# Saturday pics (finally)



## blindbat (Nov 1, 2007)

Here are some pictures from my trip last Saturday with Captain Jake. The amberjack was 50 lbs (well 47.5 to be exact). Excellent day. A trip to remember.


----------



## lobsterman (Sep 30, 2007)

Nice aj and nice gag. looked like a great day to be on the water.


----------



## Coryphaena (Oct 2, 2007)

GREAT pictures! Thanks for sharing your trip!:clap


----------



## wirenut (Sep 30, 2007)

Looks like a nice day and some nice pics too. Thanks for sharing.


----------



## taosx (Sep 27, 2007)

Nice!
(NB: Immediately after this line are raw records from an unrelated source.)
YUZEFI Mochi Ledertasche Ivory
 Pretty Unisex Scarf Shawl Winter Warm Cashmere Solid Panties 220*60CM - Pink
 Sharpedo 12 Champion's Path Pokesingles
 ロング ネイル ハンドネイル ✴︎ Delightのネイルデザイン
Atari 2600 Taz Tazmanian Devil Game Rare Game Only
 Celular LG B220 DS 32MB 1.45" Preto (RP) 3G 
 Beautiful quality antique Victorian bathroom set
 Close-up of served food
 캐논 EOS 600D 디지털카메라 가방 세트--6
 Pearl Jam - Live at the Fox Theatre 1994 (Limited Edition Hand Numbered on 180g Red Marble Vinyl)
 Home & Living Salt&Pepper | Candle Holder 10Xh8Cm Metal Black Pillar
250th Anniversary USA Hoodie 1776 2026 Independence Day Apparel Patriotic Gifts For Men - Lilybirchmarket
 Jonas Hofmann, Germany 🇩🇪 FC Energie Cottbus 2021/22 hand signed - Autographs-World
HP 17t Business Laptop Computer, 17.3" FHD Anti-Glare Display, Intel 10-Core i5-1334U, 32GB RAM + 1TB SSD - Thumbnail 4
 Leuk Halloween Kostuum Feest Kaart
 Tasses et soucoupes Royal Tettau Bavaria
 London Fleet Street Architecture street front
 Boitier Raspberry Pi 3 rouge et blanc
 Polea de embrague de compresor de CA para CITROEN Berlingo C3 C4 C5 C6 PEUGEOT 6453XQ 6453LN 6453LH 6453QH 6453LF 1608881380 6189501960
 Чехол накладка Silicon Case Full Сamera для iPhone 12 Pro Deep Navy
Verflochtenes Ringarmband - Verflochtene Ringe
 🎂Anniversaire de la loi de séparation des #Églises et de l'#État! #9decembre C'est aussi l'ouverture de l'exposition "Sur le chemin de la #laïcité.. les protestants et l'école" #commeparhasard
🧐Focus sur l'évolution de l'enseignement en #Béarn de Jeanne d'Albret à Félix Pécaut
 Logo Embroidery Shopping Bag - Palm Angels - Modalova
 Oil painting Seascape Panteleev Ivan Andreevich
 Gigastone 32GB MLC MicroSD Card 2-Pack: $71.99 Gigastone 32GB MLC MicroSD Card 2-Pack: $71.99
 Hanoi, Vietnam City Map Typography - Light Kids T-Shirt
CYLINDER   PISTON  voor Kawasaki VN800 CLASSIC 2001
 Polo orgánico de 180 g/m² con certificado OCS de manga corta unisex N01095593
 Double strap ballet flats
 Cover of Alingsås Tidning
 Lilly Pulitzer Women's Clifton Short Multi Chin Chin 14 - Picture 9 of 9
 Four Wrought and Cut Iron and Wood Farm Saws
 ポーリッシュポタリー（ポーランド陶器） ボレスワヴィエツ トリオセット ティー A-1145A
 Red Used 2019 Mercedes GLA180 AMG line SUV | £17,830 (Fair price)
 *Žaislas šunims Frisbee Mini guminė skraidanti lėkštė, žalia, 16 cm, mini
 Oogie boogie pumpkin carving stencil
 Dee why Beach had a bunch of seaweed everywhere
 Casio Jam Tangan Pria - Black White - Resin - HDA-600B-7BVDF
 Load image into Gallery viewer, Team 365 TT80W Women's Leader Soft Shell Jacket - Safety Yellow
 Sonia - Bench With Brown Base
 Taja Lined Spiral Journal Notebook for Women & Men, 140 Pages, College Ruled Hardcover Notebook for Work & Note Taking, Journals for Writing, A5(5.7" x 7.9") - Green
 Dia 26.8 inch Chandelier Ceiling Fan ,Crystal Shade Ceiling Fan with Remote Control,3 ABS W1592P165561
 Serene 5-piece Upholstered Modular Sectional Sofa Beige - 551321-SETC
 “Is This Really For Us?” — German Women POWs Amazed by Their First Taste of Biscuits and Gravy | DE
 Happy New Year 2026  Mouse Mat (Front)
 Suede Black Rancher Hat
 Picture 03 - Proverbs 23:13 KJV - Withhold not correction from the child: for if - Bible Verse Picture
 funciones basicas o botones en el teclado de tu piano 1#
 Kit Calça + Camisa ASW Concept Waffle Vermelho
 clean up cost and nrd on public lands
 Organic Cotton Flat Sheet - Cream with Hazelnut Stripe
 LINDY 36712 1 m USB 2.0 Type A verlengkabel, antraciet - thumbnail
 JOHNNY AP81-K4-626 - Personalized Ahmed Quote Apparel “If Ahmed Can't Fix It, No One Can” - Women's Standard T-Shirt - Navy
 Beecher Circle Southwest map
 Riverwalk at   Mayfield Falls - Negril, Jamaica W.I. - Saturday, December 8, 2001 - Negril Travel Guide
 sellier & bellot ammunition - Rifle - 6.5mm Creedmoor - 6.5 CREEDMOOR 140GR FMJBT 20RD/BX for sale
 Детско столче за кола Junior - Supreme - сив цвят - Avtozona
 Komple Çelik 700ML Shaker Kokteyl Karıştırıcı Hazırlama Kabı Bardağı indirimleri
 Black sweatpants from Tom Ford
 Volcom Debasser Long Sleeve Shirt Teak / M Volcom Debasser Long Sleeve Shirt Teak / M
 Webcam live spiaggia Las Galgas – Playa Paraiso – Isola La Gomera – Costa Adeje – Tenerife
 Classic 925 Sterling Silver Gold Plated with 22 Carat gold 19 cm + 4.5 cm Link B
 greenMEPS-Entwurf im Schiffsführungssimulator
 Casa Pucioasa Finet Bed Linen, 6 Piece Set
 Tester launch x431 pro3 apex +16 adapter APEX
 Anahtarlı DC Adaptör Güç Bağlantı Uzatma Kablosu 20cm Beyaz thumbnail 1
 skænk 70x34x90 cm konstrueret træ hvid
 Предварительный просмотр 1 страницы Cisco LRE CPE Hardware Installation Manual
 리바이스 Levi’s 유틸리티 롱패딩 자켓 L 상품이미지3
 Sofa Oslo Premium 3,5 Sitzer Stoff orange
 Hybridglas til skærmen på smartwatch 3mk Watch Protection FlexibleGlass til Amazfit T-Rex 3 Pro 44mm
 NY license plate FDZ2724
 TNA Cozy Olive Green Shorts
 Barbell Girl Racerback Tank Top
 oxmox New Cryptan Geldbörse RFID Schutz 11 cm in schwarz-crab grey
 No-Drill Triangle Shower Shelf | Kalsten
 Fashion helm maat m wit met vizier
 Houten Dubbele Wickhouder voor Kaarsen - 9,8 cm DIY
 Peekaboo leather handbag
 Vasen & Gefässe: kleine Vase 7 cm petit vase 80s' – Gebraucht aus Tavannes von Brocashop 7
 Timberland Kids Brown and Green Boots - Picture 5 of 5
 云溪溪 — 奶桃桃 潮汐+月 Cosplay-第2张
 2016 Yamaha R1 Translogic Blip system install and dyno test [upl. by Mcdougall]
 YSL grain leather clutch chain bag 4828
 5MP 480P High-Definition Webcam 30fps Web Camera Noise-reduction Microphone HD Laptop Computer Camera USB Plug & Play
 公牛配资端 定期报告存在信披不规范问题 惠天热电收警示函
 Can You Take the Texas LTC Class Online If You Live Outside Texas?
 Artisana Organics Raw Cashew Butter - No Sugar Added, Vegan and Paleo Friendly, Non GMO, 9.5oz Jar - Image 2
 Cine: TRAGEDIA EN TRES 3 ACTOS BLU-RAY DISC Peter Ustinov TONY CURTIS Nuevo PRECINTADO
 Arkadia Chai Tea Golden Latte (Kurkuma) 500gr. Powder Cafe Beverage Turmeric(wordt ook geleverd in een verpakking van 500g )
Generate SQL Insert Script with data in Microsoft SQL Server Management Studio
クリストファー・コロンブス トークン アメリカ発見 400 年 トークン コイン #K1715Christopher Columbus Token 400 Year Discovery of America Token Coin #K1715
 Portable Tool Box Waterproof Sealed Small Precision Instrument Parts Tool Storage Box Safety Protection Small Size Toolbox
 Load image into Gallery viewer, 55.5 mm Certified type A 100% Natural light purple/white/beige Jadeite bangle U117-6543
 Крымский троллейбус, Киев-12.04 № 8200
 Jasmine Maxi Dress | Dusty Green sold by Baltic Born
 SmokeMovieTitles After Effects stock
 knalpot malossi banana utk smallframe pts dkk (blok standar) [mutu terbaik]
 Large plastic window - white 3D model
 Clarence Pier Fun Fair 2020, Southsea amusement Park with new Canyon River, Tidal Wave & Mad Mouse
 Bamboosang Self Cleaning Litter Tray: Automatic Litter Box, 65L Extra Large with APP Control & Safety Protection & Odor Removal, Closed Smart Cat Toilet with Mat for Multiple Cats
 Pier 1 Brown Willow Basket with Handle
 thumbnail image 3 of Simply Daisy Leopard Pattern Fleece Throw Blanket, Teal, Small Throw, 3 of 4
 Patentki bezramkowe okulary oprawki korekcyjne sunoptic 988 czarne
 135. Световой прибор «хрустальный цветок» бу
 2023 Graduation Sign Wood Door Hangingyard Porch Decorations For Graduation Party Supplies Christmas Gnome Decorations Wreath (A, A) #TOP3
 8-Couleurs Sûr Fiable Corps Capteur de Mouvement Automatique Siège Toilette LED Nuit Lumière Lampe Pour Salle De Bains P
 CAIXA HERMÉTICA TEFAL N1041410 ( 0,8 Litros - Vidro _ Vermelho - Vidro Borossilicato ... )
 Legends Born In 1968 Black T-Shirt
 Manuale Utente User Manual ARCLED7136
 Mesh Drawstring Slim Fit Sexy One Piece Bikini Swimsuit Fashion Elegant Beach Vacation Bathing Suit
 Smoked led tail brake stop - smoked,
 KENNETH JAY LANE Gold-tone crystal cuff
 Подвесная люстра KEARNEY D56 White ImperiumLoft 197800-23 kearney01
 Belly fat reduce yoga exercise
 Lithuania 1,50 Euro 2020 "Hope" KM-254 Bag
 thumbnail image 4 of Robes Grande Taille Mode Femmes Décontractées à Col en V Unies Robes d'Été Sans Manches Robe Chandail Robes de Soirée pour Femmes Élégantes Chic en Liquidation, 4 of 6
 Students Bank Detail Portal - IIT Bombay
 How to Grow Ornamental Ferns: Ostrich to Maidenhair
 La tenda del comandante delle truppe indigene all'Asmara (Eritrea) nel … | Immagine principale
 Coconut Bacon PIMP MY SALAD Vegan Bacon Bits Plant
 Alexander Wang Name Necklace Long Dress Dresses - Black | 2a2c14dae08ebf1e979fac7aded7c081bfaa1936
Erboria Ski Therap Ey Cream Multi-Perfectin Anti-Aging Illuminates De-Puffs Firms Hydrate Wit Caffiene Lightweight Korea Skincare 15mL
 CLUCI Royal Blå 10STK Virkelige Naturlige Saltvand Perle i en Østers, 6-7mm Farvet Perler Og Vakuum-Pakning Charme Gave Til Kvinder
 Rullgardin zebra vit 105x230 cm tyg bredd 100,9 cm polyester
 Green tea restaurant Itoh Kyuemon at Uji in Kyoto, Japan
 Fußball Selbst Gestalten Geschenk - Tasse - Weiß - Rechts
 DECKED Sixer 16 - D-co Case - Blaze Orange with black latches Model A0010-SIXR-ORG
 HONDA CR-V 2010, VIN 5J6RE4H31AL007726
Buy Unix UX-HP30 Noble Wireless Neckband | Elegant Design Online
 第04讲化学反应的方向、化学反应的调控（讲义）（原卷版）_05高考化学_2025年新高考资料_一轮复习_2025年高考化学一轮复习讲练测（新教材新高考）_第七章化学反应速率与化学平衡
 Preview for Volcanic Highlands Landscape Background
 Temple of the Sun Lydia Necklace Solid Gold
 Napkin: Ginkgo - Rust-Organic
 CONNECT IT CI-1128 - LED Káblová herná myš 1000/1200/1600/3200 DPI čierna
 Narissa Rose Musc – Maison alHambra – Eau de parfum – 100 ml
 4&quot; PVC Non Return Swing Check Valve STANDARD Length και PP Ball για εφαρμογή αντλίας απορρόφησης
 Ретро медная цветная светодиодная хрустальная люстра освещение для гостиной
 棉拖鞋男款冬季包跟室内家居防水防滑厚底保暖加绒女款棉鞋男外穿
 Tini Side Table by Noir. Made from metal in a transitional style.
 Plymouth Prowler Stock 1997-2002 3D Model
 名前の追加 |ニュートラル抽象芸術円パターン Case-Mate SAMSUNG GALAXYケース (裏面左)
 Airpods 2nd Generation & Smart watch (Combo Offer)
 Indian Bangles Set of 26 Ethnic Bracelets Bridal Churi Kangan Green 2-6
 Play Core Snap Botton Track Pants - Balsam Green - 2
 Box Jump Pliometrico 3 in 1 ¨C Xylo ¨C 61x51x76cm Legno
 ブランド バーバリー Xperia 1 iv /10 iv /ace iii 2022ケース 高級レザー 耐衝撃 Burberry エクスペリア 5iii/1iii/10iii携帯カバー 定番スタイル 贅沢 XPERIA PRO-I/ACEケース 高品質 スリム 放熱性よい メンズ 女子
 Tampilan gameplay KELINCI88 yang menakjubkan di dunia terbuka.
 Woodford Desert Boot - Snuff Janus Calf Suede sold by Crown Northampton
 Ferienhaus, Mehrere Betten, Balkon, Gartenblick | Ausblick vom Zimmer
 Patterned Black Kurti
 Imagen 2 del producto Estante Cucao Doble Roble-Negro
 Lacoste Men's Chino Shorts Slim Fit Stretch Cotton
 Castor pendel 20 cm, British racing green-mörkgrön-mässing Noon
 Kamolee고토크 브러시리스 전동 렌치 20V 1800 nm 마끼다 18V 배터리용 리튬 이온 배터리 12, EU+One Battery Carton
Bet the AJ was fun.



Mark


----------



## Sig (Oct 4, 2007)

What lake was that you were fishing on.... Man those seas were looking great...


----------



## mpmorr (Oct 3, 2007)

Great report, it is Bottom Fishing Big Fish season for sure. Great job.:bowdown


----------



## Bill Me (Oct 5, 2007)

When pictures are posted like this I cannot view. I click and it opens a new window to the forum home page. What am I doing wrong?


----------



## Private Pilot (Oct 3, 2007)

> *Billable (11/28/2007)*When pictures are posted like this I cannot view. I click and it opens a new window to the forum home page. What am I doing wrong?


I think your not logged in. It may say your logged in up top but do it again

I had the same thing happen to me. I logged in twice and it worked.

Oh, sweet pics blind!:clap


----------



## Bill Me (Oct 5, 2007)

You da man! That was the problem.


----------